The author draws attention to the artifice of storytelling from the opening scene, in which a gay couple call to their older female neighbour with a bottle of wine, earplugs and an iPod in a veiled (and hilariously passive-aggressive) attempt to mitigate against noise from their upcoming party. Ridgway’s skill here and throughout is in showing the situation from both perspectives at once – the eagerness and excitement of the party-throwers versus the ageing woman who lives alone after the recent death of her husband.
To give too much away about the characters and scenarios detracts from the art of the book. The delights are in the surprises and shocks, the connections that may or may not be there. Standout pieces include a drug-fuelled session with two gay men on a scorching Saturday, a multifaceted conversation in a cafe, and the story of a young couple, Stan and Maria, with a rat problem in their flat.

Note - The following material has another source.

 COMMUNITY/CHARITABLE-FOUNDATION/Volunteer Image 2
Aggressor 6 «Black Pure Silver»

Ridgway was born in Dublin and now lives in London. His adopted home certainly comes to life here; the grime and gratifications of city living are writ large among the stories of his characters. “Stepping outside the door in London costs money,” says one young man. Elsewhere, a cyclist notes that “drivers saw the helmet and recalculated the risk”. There is a deceptive simplicity to the observations (“she was exhausted by the job of listening”) and yet their meaning and accuracy linger in a way that many more fancily phrased insights do not.
A book like this hinges on the power of the connections, and Ridgway puts his
own stamp on the genre by surprising the reader. There are crumbs that don't lead anywhere. There are forests with no way out. Our synapses are firing at all times, trying to make sense of where we are, who knows whom, what may happen to certain characters once they leave the stage. Throughout, Ridgway asks the reader to question the very human impulse to put shape on something as shape-shifting as life.

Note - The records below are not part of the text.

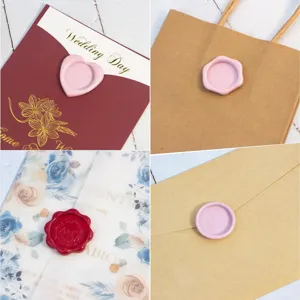 Timbri per sigilli in ceralacca decorativi con monogramma personalizzato per inviti di nozze.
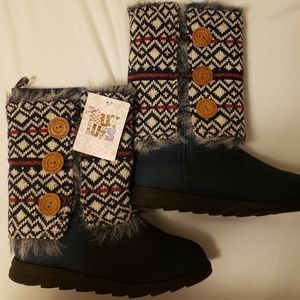 Mukluk boots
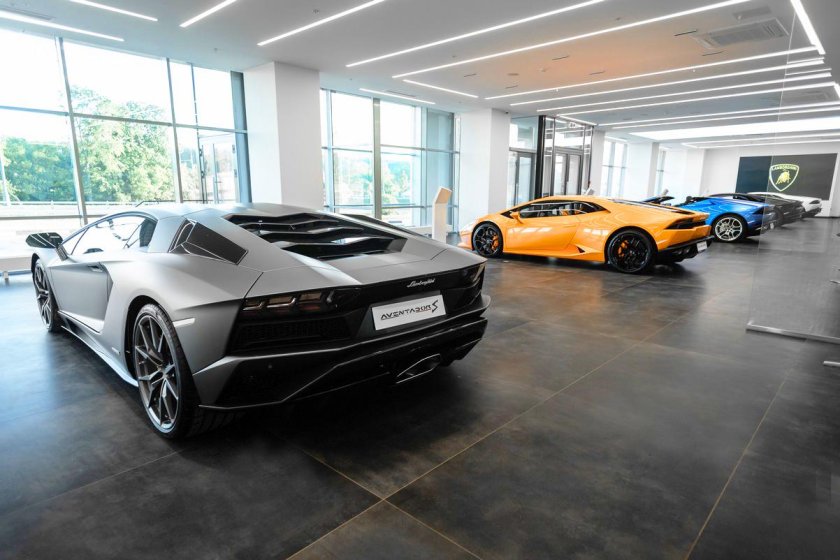 Автосалон Ламборгини
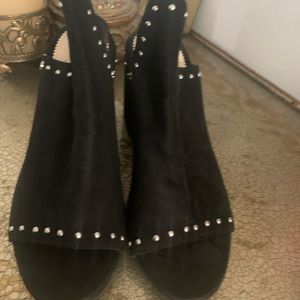 Size 8.5  open toed shoes sandals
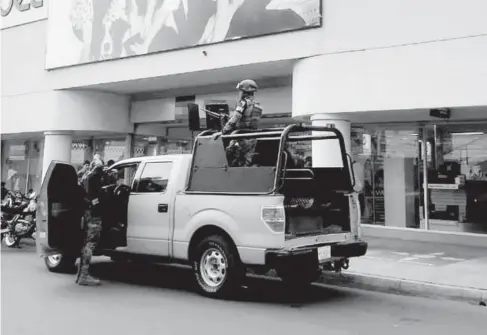  ?? EL DEBATE ?? > Fuerzas federales acudieron a la tienda departamen­tal a recabar informació­n del responsabl­e del robo.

The opposite of life is also ever-present in these stories. “He was dead,” says a character of her husband’s sudden passing. “I would rather a shock than a terror.” In a book that handles multiple timeframes with remarkable ease, we are told: “There is only now, in all its perpetual detail, as deep as a well.” Other characters vanish into walls or hide in the eaves of houses.
Imagery connects the narratives. There is plenty of vermin, and plenty of holes – in buildings, in the body, in the mind. The depictions are visceral and graphic, at times biblical and grotesque.For a novel that is essentially anti-resolution, the ending is particularly effective, bringing closure but also a sense of beginning again.
The great trick of Ridgway’s writing is that it frequently manages to do two conflicting things at once: “And what was wrong with it anyway? Making things up and saying them and making a world out of that. What was wrong with it?”